Sara Serpa

Recognition
(Biophilia)

There’s always the temptation when reviewing a soundtrack album to temper one’s sense of the music by how well it serves the images. In hopes of avoiding that, I spent a week or so getting to know the music on Recognition before taking a peek at the film, and I’m glad I did.

Recognition, both the film and album, is about Portuguese colonialism in Angola. Its images come courtesy of Super-8 film shot in 1961 by vocalist Sara Serpa’s grandfather, and the conceptual framework derives from the bandleader’s own critical reading of Portuguese and Angolan history. The story is finessed into a compelling narrative by director Bruno Soares.

Although it lacks the detail of a true documentary, Serpa frames its home-movie details with damning clarity, making the cost of colonialism painfully clear. The music isn’t quite as specific, in part because Serpa’s approach to jazz singing lets melody and phrasing do the work that words accomplish for other singers. But it’s just as powerful.

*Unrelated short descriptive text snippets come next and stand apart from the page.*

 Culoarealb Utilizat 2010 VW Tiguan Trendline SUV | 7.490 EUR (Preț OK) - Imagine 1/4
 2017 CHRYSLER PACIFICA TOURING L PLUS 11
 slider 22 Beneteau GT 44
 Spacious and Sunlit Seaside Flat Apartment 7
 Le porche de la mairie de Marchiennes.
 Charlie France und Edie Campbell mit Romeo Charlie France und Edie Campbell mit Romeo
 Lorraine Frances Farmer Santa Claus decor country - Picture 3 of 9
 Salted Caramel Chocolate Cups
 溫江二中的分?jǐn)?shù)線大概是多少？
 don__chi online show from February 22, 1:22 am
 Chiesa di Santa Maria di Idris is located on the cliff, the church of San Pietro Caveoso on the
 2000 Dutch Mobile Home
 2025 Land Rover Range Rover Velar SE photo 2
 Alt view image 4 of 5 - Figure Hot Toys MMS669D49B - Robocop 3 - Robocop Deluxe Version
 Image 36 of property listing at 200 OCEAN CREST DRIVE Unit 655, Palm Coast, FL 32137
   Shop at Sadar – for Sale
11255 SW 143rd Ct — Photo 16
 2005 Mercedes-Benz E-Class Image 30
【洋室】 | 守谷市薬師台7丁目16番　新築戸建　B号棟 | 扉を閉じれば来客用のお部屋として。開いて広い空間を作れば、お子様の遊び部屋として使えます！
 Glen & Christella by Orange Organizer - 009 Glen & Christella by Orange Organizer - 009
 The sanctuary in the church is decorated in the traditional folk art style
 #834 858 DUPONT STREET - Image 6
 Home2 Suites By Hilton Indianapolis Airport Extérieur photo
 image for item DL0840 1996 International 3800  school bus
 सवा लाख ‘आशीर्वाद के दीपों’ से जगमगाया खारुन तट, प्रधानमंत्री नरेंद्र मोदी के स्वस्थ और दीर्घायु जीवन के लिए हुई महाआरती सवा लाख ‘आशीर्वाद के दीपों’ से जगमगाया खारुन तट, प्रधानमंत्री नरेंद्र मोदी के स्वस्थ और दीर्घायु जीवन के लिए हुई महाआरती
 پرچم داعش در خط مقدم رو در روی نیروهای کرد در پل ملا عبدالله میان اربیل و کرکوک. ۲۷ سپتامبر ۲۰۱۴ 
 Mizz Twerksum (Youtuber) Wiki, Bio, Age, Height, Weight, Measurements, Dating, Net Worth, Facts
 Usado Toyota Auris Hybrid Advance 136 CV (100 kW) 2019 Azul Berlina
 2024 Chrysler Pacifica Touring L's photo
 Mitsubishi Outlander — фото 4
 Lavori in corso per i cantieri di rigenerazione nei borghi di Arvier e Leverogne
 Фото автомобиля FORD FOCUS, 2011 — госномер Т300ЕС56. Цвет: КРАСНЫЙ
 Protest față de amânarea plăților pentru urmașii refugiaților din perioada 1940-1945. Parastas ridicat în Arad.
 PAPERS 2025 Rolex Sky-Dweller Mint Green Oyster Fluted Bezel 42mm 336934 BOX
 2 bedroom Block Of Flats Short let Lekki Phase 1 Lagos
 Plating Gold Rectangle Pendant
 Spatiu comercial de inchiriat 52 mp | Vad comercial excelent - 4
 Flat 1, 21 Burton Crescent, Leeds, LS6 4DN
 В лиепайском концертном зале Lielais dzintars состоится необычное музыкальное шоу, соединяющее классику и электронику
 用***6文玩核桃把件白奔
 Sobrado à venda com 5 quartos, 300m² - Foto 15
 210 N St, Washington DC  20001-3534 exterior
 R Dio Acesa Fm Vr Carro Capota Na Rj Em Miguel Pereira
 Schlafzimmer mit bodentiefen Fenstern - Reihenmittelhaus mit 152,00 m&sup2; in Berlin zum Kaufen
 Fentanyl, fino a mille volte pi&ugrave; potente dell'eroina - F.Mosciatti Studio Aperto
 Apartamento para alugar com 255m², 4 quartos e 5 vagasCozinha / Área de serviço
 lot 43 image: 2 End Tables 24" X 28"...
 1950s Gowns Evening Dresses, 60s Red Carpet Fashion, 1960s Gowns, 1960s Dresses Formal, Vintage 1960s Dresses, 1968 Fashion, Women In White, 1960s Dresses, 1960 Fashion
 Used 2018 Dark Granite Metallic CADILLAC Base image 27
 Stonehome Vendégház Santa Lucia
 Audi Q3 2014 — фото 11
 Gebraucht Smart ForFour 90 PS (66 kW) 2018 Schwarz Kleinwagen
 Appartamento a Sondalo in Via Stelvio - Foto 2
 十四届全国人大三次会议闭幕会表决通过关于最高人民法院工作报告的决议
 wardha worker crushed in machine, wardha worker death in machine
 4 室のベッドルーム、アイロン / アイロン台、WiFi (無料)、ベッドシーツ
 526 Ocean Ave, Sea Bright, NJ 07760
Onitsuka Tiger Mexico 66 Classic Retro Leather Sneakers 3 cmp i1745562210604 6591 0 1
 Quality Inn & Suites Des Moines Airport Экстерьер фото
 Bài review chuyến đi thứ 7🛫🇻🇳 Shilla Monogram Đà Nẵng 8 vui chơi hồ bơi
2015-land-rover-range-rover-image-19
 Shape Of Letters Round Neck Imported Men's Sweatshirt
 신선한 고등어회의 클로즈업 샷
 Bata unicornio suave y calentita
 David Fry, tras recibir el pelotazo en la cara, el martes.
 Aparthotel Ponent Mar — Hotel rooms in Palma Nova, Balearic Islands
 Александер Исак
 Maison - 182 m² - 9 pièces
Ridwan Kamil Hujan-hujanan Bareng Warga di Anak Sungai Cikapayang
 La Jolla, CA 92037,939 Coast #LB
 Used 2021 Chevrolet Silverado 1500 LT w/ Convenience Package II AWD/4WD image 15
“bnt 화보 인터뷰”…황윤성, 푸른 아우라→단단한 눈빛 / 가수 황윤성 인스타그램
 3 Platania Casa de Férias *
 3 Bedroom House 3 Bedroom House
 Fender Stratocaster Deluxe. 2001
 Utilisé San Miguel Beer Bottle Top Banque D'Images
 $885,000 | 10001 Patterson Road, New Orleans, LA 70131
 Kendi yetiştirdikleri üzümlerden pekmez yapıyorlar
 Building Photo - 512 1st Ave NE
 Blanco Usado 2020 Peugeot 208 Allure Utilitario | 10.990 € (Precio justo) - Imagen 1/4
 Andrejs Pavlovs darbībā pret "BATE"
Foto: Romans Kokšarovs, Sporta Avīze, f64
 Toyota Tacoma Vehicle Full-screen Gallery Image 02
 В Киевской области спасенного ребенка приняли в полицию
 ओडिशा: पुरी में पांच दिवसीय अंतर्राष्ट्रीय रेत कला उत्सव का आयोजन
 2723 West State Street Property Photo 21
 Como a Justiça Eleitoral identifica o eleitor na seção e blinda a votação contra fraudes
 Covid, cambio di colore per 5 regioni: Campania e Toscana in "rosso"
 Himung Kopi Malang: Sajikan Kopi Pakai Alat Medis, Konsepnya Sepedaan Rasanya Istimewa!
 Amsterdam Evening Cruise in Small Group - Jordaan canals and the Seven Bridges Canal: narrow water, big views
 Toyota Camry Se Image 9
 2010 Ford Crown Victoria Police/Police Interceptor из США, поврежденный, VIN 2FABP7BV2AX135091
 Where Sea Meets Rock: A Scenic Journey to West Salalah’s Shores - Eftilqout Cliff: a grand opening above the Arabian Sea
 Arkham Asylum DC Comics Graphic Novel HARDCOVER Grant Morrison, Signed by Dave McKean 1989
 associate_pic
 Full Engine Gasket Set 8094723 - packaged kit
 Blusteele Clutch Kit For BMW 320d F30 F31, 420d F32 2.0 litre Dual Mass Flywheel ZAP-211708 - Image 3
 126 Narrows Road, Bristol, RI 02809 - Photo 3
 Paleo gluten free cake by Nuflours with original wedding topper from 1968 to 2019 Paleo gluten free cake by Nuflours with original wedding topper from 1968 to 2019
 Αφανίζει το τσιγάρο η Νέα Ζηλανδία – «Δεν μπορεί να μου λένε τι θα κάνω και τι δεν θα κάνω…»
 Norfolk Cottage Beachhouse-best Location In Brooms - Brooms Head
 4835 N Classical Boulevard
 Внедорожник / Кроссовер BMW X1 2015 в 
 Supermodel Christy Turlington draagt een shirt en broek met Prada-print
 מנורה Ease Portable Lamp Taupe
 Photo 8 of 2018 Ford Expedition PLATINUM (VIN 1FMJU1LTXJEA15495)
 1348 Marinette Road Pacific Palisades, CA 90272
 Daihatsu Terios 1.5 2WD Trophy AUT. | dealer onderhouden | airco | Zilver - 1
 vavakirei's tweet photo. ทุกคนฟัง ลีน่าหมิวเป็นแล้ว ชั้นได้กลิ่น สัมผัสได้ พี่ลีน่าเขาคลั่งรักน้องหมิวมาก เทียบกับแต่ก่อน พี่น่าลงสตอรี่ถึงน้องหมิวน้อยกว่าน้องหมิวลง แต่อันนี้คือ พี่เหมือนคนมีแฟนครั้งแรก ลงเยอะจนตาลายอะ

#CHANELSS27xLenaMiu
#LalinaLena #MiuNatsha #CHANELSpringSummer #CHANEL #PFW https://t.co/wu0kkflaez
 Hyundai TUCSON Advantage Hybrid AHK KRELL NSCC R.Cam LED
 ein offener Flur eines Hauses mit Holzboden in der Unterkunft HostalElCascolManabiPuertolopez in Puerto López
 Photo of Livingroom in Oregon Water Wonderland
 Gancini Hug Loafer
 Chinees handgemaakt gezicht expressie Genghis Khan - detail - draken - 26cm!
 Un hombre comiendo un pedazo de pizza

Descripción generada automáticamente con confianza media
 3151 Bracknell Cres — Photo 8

Her compositions are lean and quiet—with a definite pulse, but little in the way of jazz groove. “Free Labour,” for instance, makes its point with cycling rhythms that recall Steve Reich, while “Mercy And Caprice” shifts between a relentlessly simple thrum and an almost impressionistic rubato. Her melodies are flowing and intervallic, with an occasionally eerie quality that’s amplified when she sings in unison with Mark Turner’s tenor, as on “Lei Do Indigenato, 1914.” As for the spoken-word pieces, even without the historical context, the emotional power of “Beautiful Gardens” or “Queen Nzinga” makes the message of Recognition impossible to deny.